African wedding traditions
The diversity of Africa is reflected in African wedding traditions.Africa, a continent heralded as one of the oldest civilizations on Earth, is home to a wide variety of religions and cultures. The colorful diversity is reflected in its cultural practices. Nearly every aspect of life in Africa – including child birth, maturity, the naming of a child and death – are honored with grand celebrations steeped in rich traditions. African wedding traditions are no different. An African wedding is, more than anything, the bringing together of two people as a single family – or the combining of two families or even the mixture of two tribes into one family unit.
Religion and Culture
The wide varieties of religions represented in Africa weigh intricately on African wedding traditions. Many northern Africans are influenced by Muslim traditions, while those further south are split between Christian, Hindu and even Jewish traditions. In some instances, more ancient traditions are still practiced; in many places, young girls are trained to be good wives from an early age. They may even learn secret codes and secret languages that allow them to talk with other married women without their husbands understanding what is being said.
The regions of Africa also determine how elaborate a wedding ceremony will be. In some cases, the actual wedding may last five to seven days - with festivities beginning days before the actual uniting ceremony and lasting days after. Often, huge ceremonies are held during which many couples in one tribe or region are united at the same time. In the Sudan and in other areas along the Nile, a man must pay his wife's family in sheep or cattle for the loss of their daughter's labor in support of the family. A wife may cost a man as many as 30 to 40 head of cattle.
Bright festive colors, song and dance are definitive elements of African wedding ceremonies. Elements of the wedding day in South Africa feature a bridal procession into the church; a prayer of dedication precedes the wedding ceremony. After the exchange of vows, a unity candle is lit. The couple will then be pronounced man and wife, and be blessed by the priest. The 12 symbols of life important in African culture may be administered as part of the wedding ceremony. These include wine, wheat, pepper, salt, a broom, honey, a spear and a copy of the Bible or the Koran. To mark the start of the newlyweds' life together, the parents of both the bride and groom carry fire from their hearths in their homes to the home of the new couple, where a new fire would be lit.
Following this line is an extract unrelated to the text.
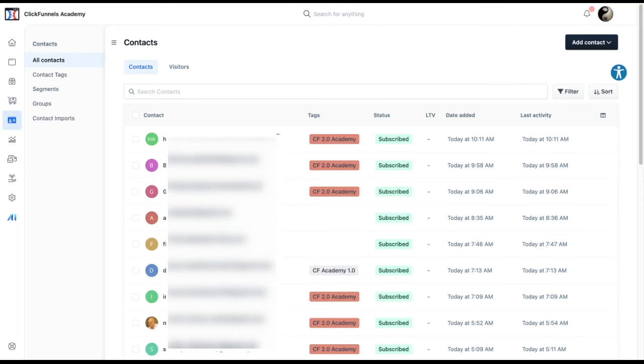Once you know the contact module's basics, you can build your opt-in page with the required elements to save your contacts. You can also select how to organize your contacts according to your business needs.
In Egypt, where marriages are still largely arranged, there is a musical wedding march called the Zaffa, just before the ceremony. The Zaffa features traditional Egyptian music, belly dancers, drums horns and flaming swords performances. In the Sudan, the focus is on the groom. He is welcomed to the wedding location with a unique and large decoration called the Umbul-Umbul. Then he is adorned with a garland of flowers by the bride's mother, welcoming him into her family. The mother will also give him a keris – a hidden message encouraging him not to be disheartened while toiling for his family.
The procession welcoming the bridegroom is followed by a procession of ladies with candles, who pray for the ceremony. The bride and groom sit next to each other under an umbrella in front of the entrance to their future home with a veil covering both of their heads. The umbrella serves not only as shelter from rain or sun, but it symbolizes esteem and respect.
Adding the flavor of Africa to your wedding will require research and more detailed planning. From Morocco to Johannesburg, the traditions, colors and symbols vary. A truly authentic wedding reflective of Africa requires intricate planning, but will lead to one of the most colorful and music-enriched affairs.